2.1 妊娠或誕生場合主要忌諱語的使用比例分布(見表2)
通過查閱中日多種資料后收集了8個出現頻率高的忌諱語,以下3個被選中率最高。“流れる”占所給詞匯首位,其次是“死ぬ”和“逝く”。“流れる”容易讓人聯想到流產、難產等;“死ぬ”表示生命的終結,它容易讓人聯想到不祥之兆;“逝く”容易讓人聯想到胎死腹中等。這種不吉利的詞語中有閑雜靈魂的存在,它們對胎兒或幼兒極為不利[3]。
2.2 婚嫁場合主要忌諱語的使用比例分布(見表2)
筆者收集了婚嫁場合下的24個常用忌諱語,以下4個被選中率最高。“切れる”最被忌諱,接下來依次是“離れる”、“終わる”、“死ぬ”等。“切れる、離れる、終わる”容易讓人聯想到“離別、離婚、感情的終結”等,而“死ぬ”則預示著死亡等。除了收集到的常用忌諱語外,有受試者提供了如“閉じる”、“こだわらない”、“二度目”等其他詞語,雖然頻率不高但進一步豐富了婚嫁場合的忌諱語。從年齡層來看,由于生活閱歷、習慣、環境等的不同使得不同年齡層對此類忌諱語的理解程度不一。
2.3 死亡場合主要忌諱語的使用比例分布(見表2)
在收集的11個常用忌諱語中,表“追隨”意義的“追って”最被忌諱,接下來是表“繼續”意義的“続いて”和表“重復”意義的“再び”、“重ね重ね”、“再三”等。
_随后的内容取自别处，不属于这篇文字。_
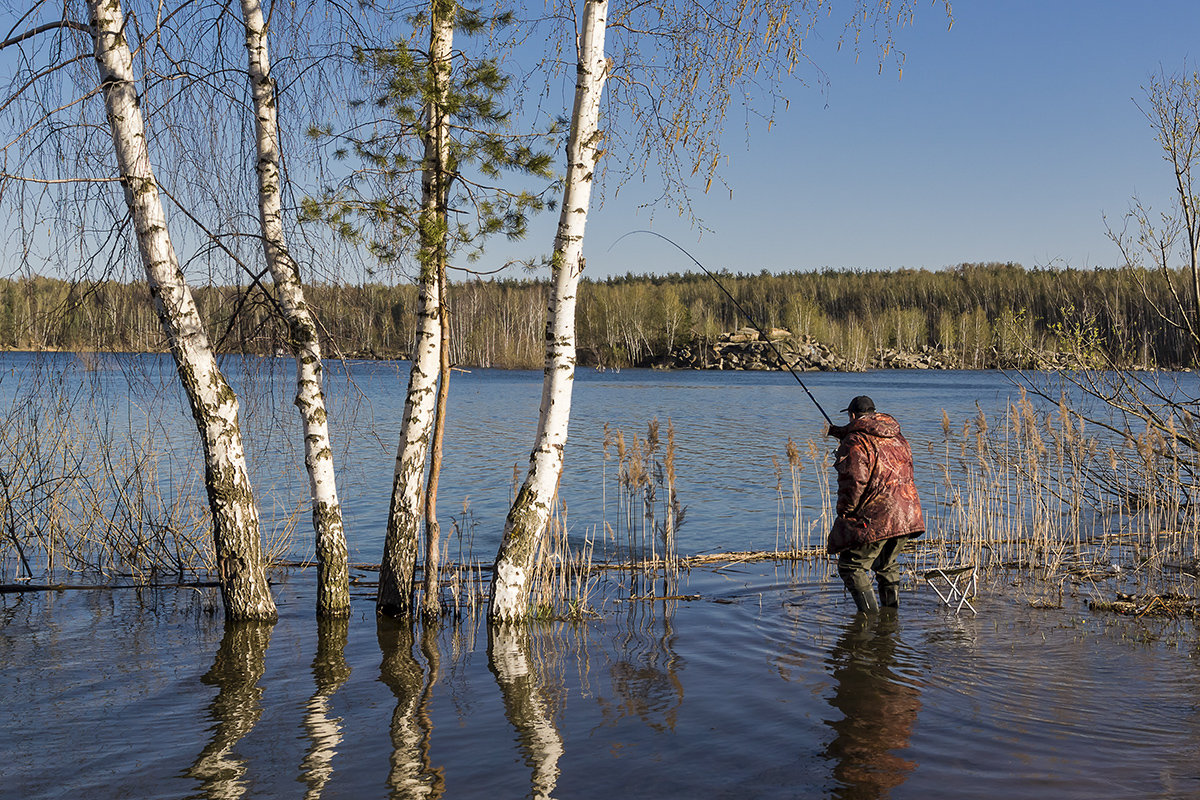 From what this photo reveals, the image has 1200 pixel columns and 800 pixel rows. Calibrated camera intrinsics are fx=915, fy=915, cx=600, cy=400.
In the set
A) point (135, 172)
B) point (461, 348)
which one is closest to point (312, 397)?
point (461, 348)

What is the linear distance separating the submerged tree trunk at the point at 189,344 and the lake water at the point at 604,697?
20.5 inches

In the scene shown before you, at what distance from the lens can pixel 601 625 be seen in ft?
26.2

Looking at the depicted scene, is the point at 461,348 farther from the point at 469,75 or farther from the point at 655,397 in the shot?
the point at 655,397

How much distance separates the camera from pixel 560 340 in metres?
7.20

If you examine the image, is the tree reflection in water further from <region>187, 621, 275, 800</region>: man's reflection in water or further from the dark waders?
<region>187, 621, 275, 800</region>: man's reflection in water

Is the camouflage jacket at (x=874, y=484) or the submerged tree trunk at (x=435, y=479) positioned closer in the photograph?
the submerged tree trunk at (x=435, y=479)

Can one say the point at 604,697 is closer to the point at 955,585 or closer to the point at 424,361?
the point at 424,361

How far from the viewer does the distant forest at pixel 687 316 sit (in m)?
6.97

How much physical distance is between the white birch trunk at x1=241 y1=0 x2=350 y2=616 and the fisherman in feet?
13.8

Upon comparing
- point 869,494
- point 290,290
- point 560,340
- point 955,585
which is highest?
point 290,290

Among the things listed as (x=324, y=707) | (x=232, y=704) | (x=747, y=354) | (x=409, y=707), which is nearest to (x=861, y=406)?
(x=409, y=707)

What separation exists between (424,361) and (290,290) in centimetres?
122

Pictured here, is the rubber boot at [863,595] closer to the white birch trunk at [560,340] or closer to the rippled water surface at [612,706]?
the rippled water surface at [612,706]

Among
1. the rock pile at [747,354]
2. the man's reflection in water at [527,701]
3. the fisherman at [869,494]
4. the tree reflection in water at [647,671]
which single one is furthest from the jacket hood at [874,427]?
the rock pile at [747,354] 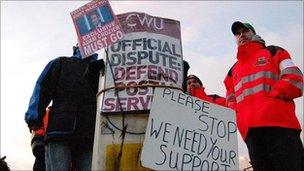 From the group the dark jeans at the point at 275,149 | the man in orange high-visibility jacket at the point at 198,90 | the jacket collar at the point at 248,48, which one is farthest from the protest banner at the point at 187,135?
the man in orange high-visibility jacket at the point at 198,90

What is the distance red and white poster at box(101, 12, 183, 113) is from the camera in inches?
153

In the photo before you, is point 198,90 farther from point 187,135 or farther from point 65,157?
point 187,135

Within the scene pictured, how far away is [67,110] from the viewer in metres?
4.65

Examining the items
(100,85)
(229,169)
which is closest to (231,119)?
(229,169)

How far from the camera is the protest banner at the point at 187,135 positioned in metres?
3.67

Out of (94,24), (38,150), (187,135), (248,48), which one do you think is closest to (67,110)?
(94,24)

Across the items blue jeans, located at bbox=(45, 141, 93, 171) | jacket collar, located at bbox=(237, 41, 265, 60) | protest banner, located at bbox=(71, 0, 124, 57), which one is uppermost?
jacket collar, located at bbox=(237, 41, 265, 60)

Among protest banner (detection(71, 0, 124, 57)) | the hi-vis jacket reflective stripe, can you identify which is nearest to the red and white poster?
protest banner (detection(71, 0, 124, 57))

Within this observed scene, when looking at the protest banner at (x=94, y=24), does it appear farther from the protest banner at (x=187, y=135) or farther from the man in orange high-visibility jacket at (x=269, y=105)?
the man in orange high-visibility jacket at (x=269, y=105)

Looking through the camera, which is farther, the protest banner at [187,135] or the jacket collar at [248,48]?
the jacket collar at [248,48]

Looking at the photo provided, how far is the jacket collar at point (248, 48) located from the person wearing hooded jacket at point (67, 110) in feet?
5.50

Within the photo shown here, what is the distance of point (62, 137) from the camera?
4.53 m

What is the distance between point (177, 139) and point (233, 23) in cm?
223

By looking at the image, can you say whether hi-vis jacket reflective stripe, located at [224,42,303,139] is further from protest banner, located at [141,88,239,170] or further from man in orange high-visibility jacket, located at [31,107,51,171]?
man in orange high-visibility jacket, located at [31,107,51,171] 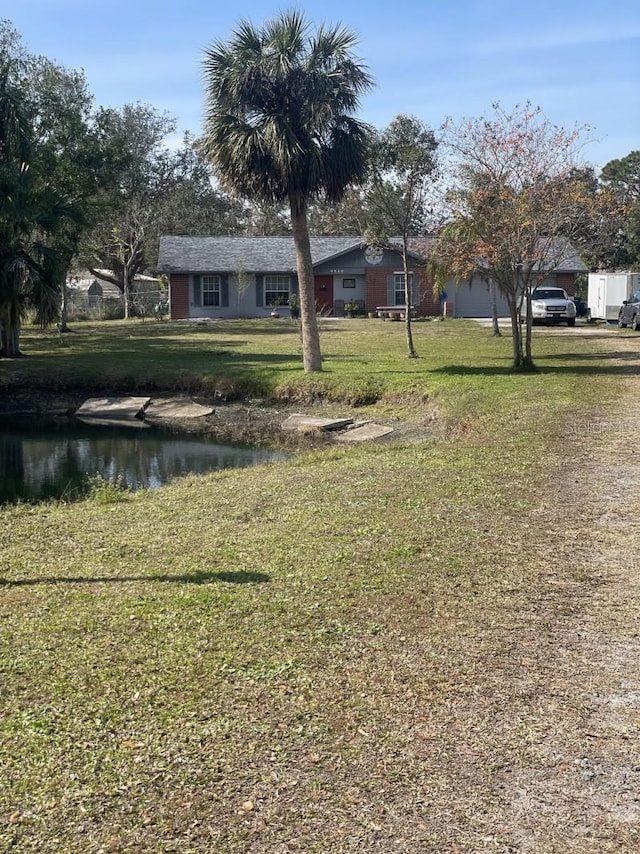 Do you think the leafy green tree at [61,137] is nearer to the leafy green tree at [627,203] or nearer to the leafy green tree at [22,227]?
the leafy green tree at [22,227]

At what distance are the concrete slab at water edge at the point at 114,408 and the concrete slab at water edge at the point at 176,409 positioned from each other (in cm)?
19

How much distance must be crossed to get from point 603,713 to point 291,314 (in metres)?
A: 43.3

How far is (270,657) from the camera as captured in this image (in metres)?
5.27

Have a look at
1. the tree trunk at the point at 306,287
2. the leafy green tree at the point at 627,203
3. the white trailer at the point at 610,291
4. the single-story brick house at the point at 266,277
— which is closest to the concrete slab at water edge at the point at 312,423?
the tree trunk at the point at 306,287

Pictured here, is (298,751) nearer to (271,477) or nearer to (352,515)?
(352,515)

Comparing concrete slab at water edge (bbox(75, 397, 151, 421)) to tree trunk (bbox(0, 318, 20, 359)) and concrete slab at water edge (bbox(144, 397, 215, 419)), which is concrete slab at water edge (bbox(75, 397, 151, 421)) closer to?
concrete slab at water edge (bbox(144, 397, 215, 419))

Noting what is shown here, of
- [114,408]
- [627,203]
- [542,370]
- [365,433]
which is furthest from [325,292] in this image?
[365,433]

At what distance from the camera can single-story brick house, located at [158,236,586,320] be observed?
4656cm

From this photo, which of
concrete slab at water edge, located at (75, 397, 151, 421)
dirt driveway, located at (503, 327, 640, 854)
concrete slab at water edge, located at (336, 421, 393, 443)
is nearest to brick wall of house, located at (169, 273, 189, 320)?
concrete slab at water edge, located at (75, 397, 151, 421)

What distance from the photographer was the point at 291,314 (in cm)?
4731

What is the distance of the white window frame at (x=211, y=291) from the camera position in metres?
47.7

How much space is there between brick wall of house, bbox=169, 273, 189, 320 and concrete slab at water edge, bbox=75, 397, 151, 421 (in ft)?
87.9

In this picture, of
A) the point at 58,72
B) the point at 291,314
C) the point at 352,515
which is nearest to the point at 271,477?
the point at 352,515

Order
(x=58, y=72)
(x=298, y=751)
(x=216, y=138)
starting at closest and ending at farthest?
(x=298, y=751)
(x=216, y=138)
(x=58, y=72) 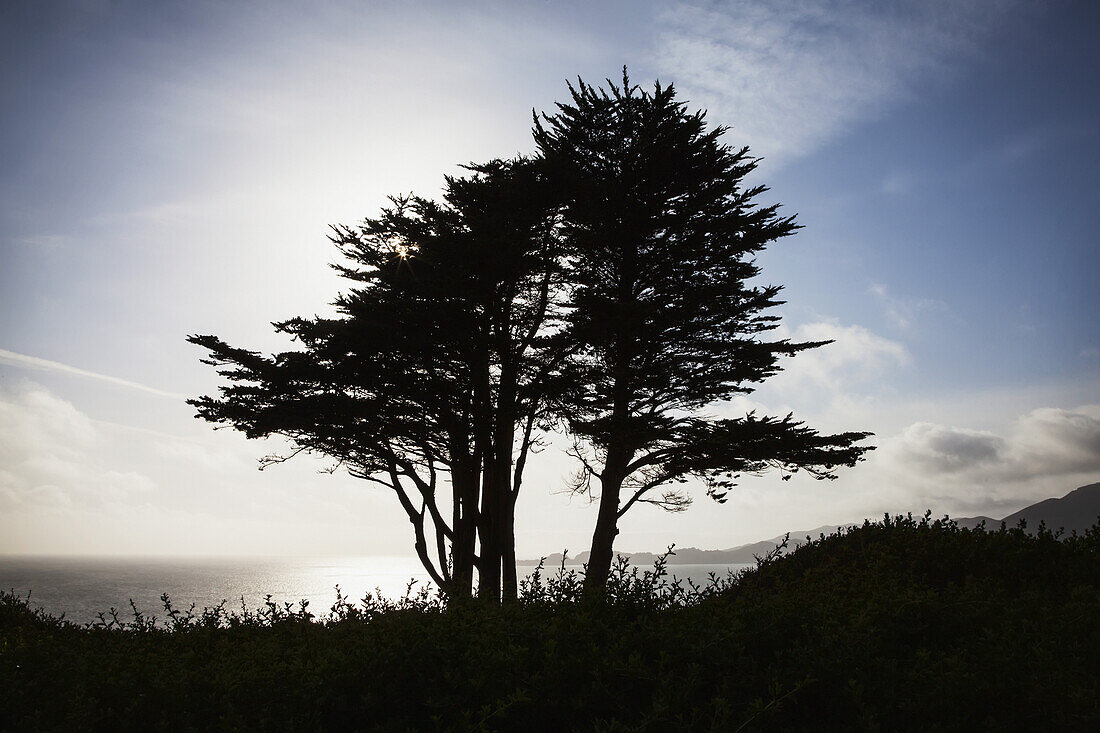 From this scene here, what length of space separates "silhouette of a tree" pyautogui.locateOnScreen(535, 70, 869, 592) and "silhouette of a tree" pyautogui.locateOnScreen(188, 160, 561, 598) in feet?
3.80

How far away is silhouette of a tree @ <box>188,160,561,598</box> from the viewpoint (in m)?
14.4

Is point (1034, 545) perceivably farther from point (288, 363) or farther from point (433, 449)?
point (288, 363)

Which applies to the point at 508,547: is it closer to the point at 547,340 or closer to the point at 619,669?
the point at 547,340

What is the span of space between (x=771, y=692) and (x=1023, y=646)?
2528mm

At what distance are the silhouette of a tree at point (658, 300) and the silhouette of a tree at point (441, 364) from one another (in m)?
1.16

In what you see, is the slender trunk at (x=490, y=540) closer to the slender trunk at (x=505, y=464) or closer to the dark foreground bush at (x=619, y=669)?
the slender trunk at (x=505, y=464)

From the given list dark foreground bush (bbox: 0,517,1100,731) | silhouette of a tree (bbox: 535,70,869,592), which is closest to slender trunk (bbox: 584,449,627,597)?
silhouette of a tree (bbox: 535,70,869,592)

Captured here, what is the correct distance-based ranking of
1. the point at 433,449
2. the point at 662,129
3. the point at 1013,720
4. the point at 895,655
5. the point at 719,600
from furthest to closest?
the point at 662,129 < the point at 433,449 < the point at 719,600 < the point at 895,655 < the point at 1013,720

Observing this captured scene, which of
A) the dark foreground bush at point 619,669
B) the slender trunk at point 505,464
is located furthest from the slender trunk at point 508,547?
the dark foreground bush at point 619,669

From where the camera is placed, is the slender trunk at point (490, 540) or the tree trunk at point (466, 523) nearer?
the slender trunk at point (490, 540)

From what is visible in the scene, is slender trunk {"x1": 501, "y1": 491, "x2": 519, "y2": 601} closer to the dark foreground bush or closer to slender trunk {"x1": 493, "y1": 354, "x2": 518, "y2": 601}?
slender trunk {"x1": 493, "y1": 354, "x2": 518, "y2": 601}

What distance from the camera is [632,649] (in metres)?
5.55

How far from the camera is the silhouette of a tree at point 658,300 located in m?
15.4

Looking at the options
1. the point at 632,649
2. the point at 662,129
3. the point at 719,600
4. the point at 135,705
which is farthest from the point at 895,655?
the point at 662,129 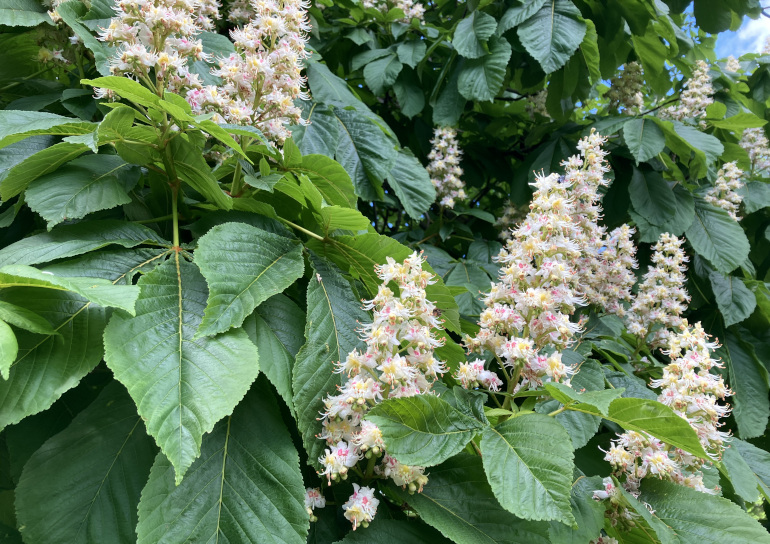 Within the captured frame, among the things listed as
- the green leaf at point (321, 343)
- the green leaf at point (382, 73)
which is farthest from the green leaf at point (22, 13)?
the green leaf at point (382, 73)

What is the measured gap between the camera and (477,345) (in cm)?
122

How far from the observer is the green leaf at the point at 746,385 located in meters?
2.61

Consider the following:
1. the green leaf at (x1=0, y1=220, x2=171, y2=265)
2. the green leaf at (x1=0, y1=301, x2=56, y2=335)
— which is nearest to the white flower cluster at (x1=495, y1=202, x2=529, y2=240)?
the green leaf at (x1=0, y1=220, x2=171, y2=265)

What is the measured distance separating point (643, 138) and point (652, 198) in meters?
0.35

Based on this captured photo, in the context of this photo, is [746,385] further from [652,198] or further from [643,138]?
[643,138]

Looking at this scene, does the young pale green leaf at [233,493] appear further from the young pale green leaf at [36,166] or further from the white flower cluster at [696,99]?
the white flower cluster at [696,99]

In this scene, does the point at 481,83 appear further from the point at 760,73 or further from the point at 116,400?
the point at 760,73

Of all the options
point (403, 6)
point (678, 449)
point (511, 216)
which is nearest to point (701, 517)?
point (678, 449)

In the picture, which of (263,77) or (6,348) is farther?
(263,77)

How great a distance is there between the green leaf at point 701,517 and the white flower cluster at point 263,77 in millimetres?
1177

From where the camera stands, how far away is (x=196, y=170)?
1.23 m

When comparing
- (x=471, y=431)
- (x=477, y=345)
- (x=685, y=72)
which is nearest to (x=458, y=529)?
(x=471, y=431)

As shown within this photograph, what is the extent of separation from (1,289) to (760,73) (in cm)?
439

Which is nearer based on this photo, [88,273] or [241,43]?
[88,273] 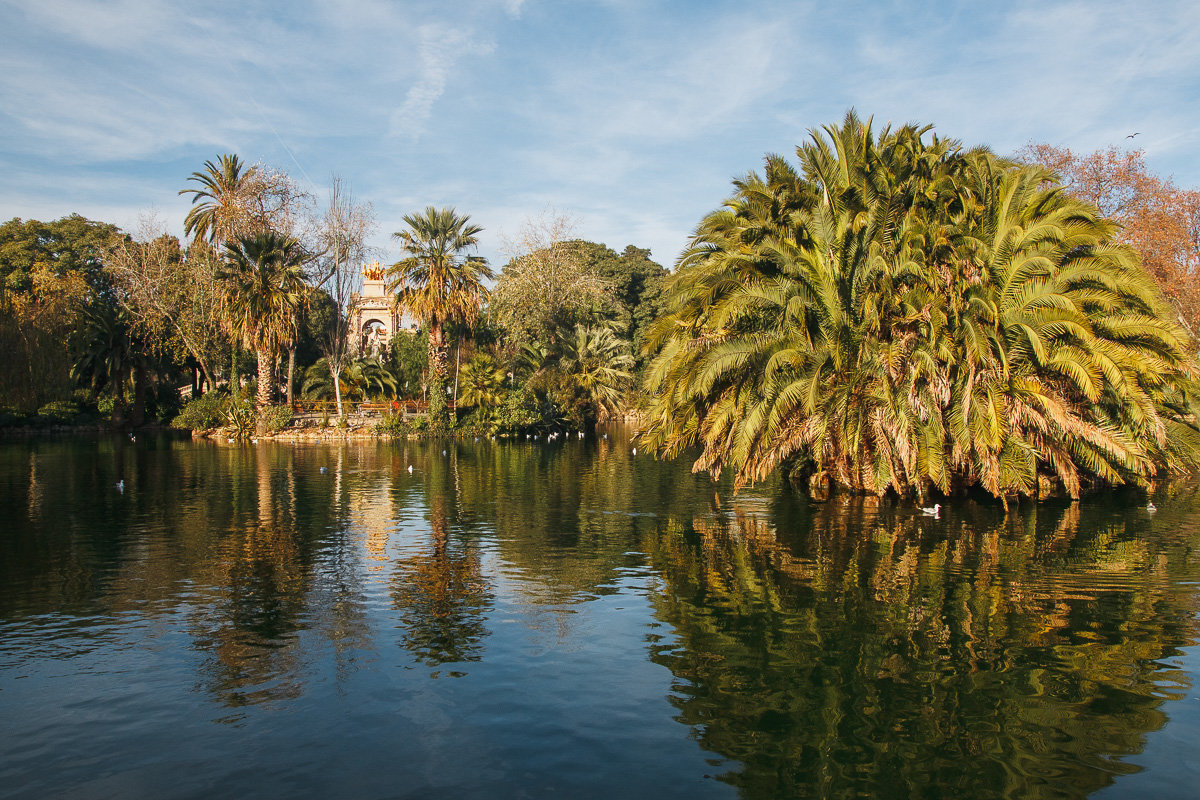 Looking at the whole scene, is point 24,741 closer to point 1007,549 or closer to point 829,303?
point 1007,549

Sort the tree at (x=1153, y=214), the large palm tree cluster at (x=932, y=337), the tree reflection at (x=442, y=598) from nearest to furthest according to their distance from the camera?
the tree reflection at (x=442, y=598), the large palm tree cluster at (x=932, y=337), the tree at (x=1153, y=214)

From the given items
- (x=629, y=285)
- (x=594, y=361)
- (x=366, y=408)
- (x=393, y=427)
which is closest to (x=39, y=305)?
(x=366, y=408)

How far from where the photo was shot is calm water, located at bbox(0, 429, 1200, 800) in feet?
22.3

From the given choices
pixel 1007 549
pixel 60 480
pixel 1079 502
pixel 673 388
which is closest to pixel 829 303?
pixel 673 388

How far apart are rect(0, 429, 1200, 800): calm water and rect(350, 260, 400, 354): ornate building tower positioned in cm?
5608

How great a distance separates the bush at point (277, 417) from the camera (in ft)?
157

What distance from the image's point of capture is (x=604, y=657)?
9.51 meters

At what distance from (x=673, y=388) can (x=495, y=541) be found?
634 centimetres

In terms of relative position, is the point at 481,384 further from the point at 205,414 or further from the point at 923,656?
the point at 923,656

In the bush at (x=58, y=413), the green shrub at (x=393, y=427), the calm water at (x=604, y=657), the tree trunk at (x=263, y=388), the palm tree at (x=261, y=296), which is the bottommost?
the calm water at (x=604, y=657)

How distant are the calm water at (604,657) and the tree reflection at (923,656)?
42mm

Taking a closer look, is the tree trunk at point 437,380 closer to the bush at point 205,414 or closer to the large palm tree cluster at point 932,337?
the bush at point 205,414

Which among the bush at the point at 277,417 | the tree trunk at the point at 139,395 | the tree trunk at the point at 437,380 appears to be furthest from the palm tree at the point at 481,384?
the tree trunk at the point at 139,395

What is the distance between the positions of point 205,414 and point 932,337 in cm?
4575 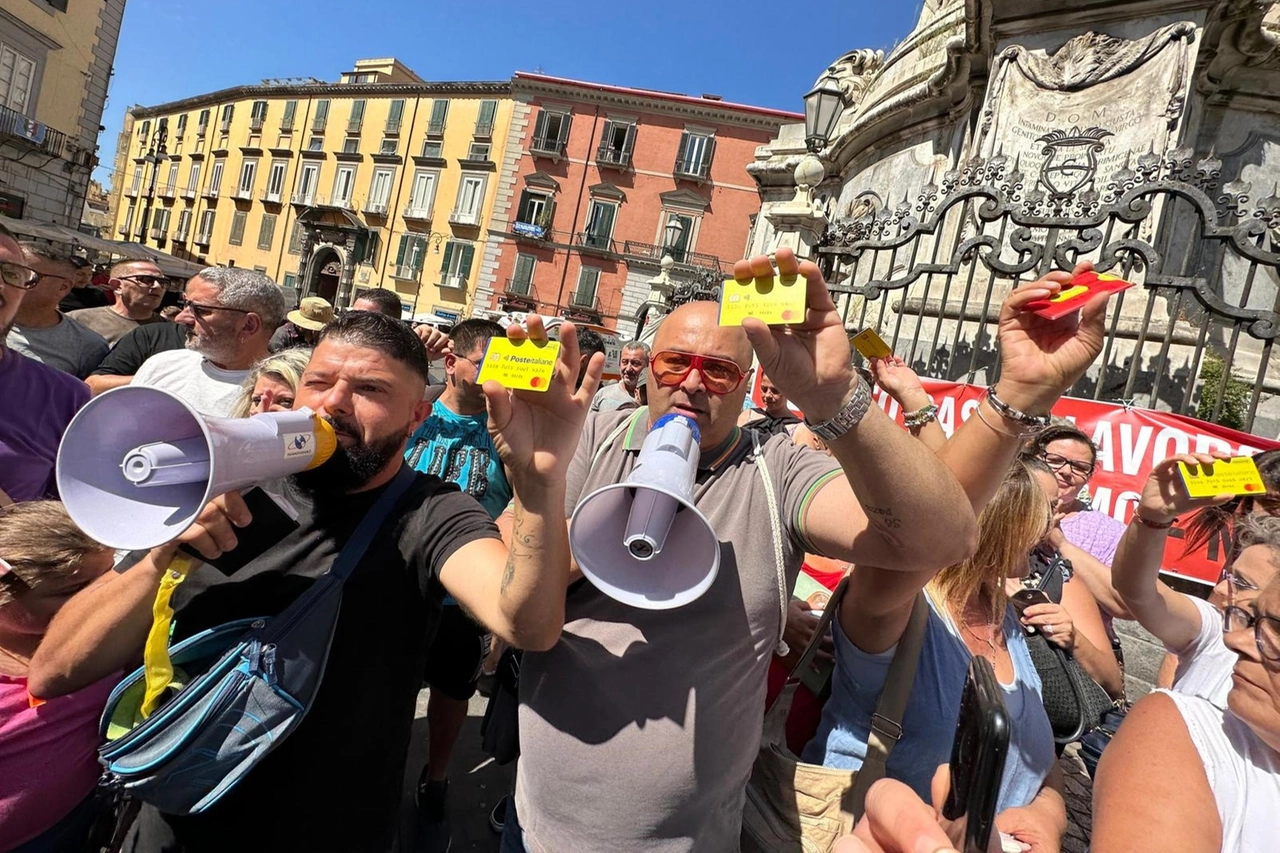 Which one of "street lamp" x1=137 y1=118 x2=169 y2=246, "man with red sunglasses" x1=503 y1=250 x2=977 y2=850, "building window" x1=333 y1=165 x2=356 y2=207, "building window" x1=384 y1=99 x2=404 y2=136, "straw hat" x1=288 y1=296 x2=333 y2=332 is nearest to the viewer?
"man with red sunglasses" x1=503 y1=250 x2=977 y2=850

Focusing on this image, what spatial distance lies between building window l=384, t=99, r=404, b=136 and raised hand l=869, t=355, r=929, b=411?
131ft

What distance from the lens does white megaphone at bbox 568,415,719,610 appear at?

死亡是人逃避不了的宿命,雖然一個人走到了一生的盡頭,但因為信仰、習俗等的影響,亡者的親朋好友不會因此而對其有所怠慢。從年齡層來看,年齡越大對此類忌諱語選擇的頻率越高,年齡越大離生命終止之日越近,從某些心理因素而言人們的這種做法是完全可以理解的。
3.1 獲取忌諱語的方式(見表2)
一個人的成長離不開家庭、學校、地域活動和書本等,所以選用了這四種最有可能的方式進行了調查。近六成的人選擇了家庭,從中可看出家庭對人的思想成長所起的重大作用;其次是地域活動和《冠婚葬祭》類書籍。對社會主體的人們而言,從社會活動中獲取的實踐知識是對書本知識的運用和有效補充。另外,隨著科技的發展和科學的普及,未知世界逐漸被了解,人們對言靈的信仰也逐漸淡薄,但人與人之間的交際作用卻日益重要,在交際中語言的交流是最基本的也是最重要的交流途徑。忌諱語是語言的一部分,載有忌諱語的《冠婚葬祭》書籍無疑對人們的交際能起很好的指導作用。
3.2 忌諱語對日常生活的影響度(見表2)
從數據可以看出,近九成的人認為忌諱語對日常生活有一定的影響,且年齡越長者認為對其生活的影響越大。但不管怎樣,忌諱語與人們的生活依舊有著千絲萬縷的聯系。
4.1 影響忌諱語的要素(見表2)
近七成的人認為“社會與文化”為影響忌諱語的要素,其余有的認為與“社會”因素有關,有的認為與“文化”因素有關。從中我們可以看出,作為語言部分的忌諱語離不開社會和文化而單獨存在,它們三者是緊密聯系,相輔相承的。
4.2 忌諱語發展趨勢的預測(見表2)
任何事物都有一定的發展趨勢,忌諱語也不例外。從調查結果來看,忌諱語的生命力依舊較強,但根據事物的發展規律它也將逐漸淡薄;也有極少數人認為忌諱語將消失或被強化,這些人群集中30歲范圍內,這個年齡層的人有的還在學校,受家庭和學校教育的影響大,社會經驗缺乏,有的則正處于剛剛與外界正面交流的時期,所以導致了對語言表達合適與否的重視度不夠。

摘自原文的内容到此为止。